Любопытно, что совершенно в другой среде, далекой от академических штудий, обнаруживается похожее беспокойство по поводу вещей, казалось бы, иллюзорных. Я о недавней полемике между журналистами Ганапольским и Познером, смысл которой свелся не к каким-то идеологическим разногласиям – спор шел, если внимательно присмотреться, об уровне независимости. Или, наоборот, зависимости, как кому.
Ганапольский с почтением и приседаниями корил Познера в том, что тот управляем и делает многое по указке. Познер в обычном тоне начальственного хамства уличал Ганапольского, что его «Эхо Москвы» — псевдонезависимая радиостанция, и нечего щеки надувать, изображая борьбу на баррикадах.

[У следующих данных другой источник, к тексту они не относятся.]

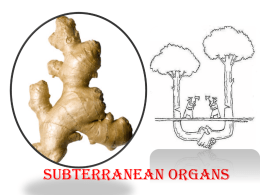 Subterranean Organs - Suez Canal University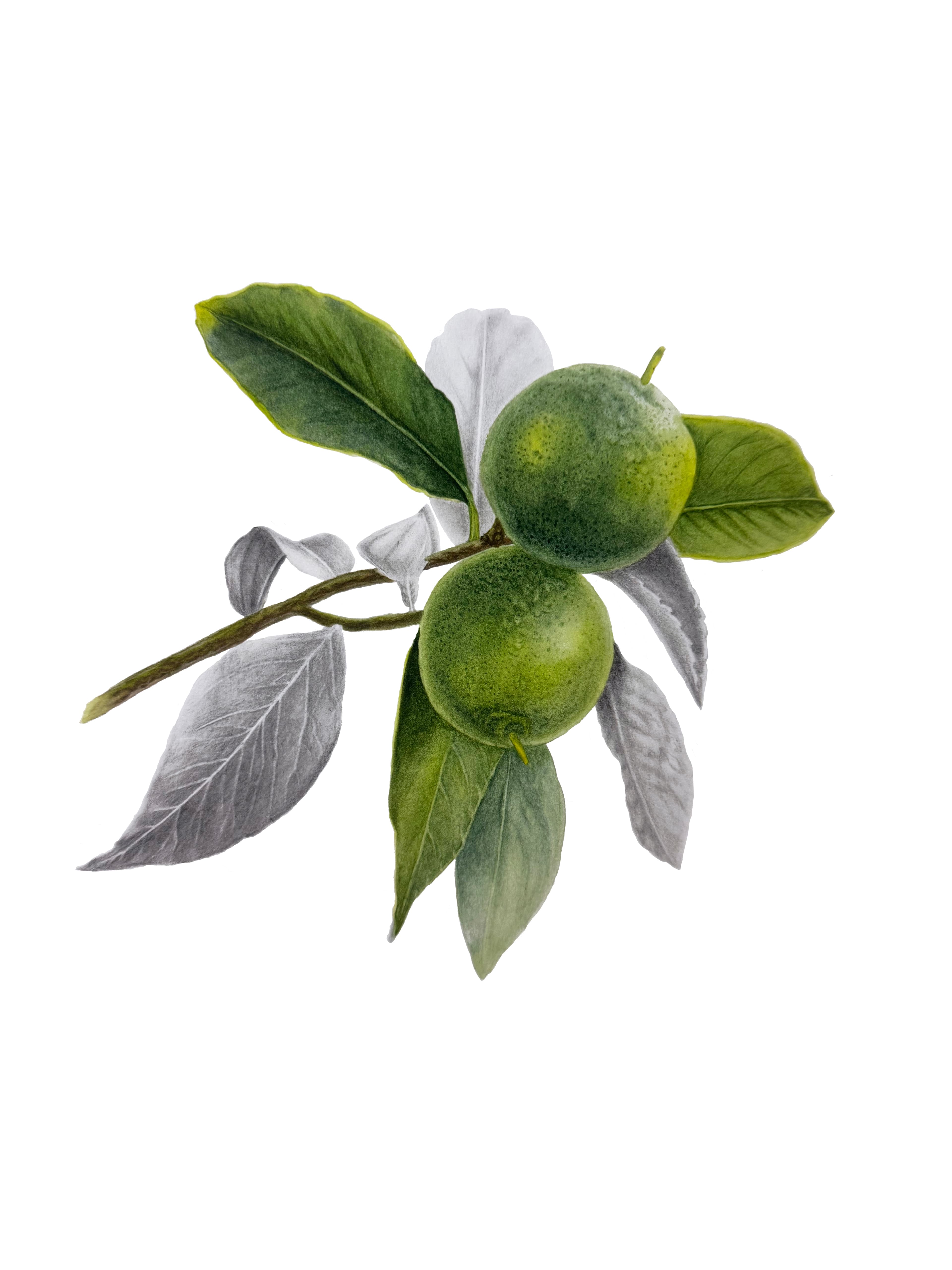 Twin Limes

Казалось бы, о чем базар? И ты прав, и ты тоже прав: оба вы работаете в рамках, отведенных вам властью и обстоятельствами, а понты у Познера выше в той же степени, в какой сильна убежденность, что тщательно выбранные пределы дозволенного можно выдать за свободу, разыгрывая при этом роль патриарха, живущего как бы в единственном экземпляре: я и все остальные.

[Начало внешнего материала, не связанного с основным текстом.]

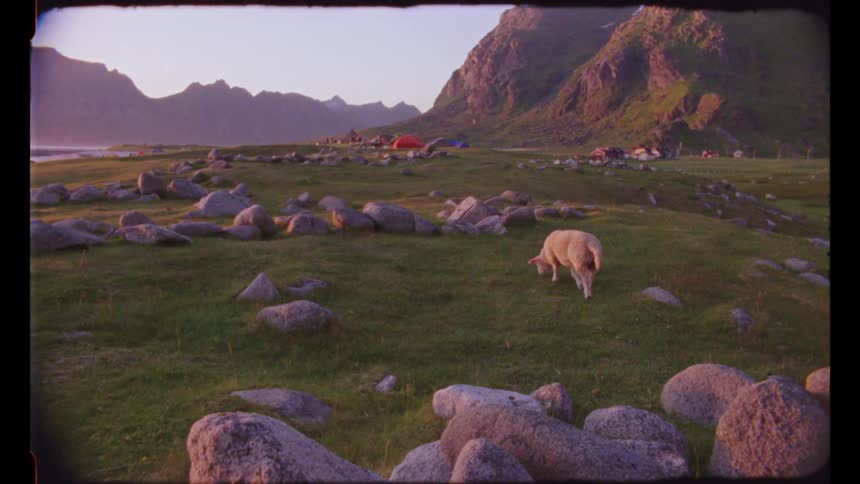A lamb grazes on grass near a river and camp site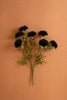 Bundle of Black Ball Dahlias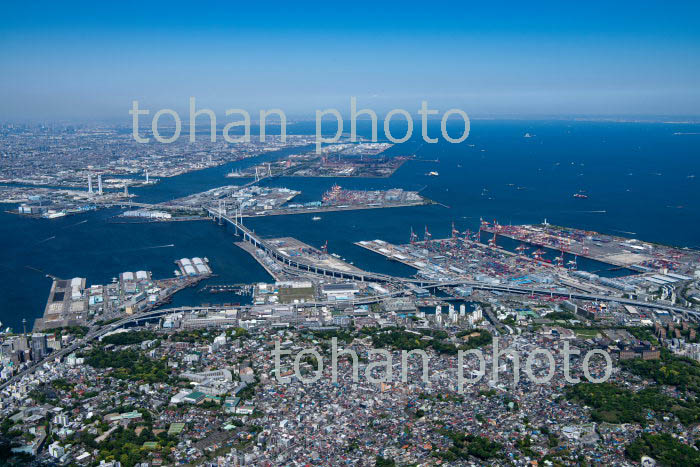 港の見える丘公園周辺より横浜港と東京湾(2019/5)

Интересен, однако, в русле нашей темы не уровень лакомого самообольщения, а характерная уверенность, что просто сказанные слова сегодня мало что значат без бэкграунда прошлого. Казалось бы, вполне можно было закинуть чепчик за мельницу и повторять как попка: я так сказал, я так думаю, это мое личное мнение. Однако процесс девальвации слов, использование их в качестве дымовой завесы, привел к пониманию столпов официозной и официальной журналистики, что сами высказывания ничего не значат без рупора репутации. Которая и есть подтверждение справедливости слов и гарантия, что их можно воспринимать всерьез.
Это важный момент путинской эпохи: значим не смысл, не логика и убедительность, как таковая, а прошлое, являющееся ключом, открывающим смысл сказанного. То есть одно и то же произнесенное разными спикерами — это разные месседжи. И настаивают на этом не независимые наблюдатели, не, условно говоря, Илларионов с Пионтковским, которым это, казалось бы, пристало, а в разной степени и по-разному зависимые журналисты, осознавшие, однако, что без прошлого, без фундамента репутации слова — это гамлетовское умножение пустоты.

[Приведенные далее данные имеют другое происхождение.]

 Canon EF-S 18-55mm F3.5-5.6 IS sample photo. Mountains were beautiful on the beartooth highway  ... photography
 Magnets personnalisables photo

В этой ситуации примечательно, на мой взгляд, следующее: пользоваться социальным и психологическим дистанцированием для подтверждения своей правоты — рутинный и универсальный прием. Апелляция не к сегодняшнему дню, а к завтрашнему, до которого надо, как говориться, дожить, как, впрочем, и к такой вроде бы несуществующей материи, как репутация — вот что характерно. Кто-то не чувствует землетрясения, пока крыша не упадет на бесшабашную голову, кто-то начинает тревожиться, когда вокруг тишь-гладь да путинская благодать, а что-то внутри уже запустило отсчет секунд до неминуемого суда времени. И эти предчувствия, для многих абсолютно несущественные, — самое, возможно, симптоматичное, что сегодня есть.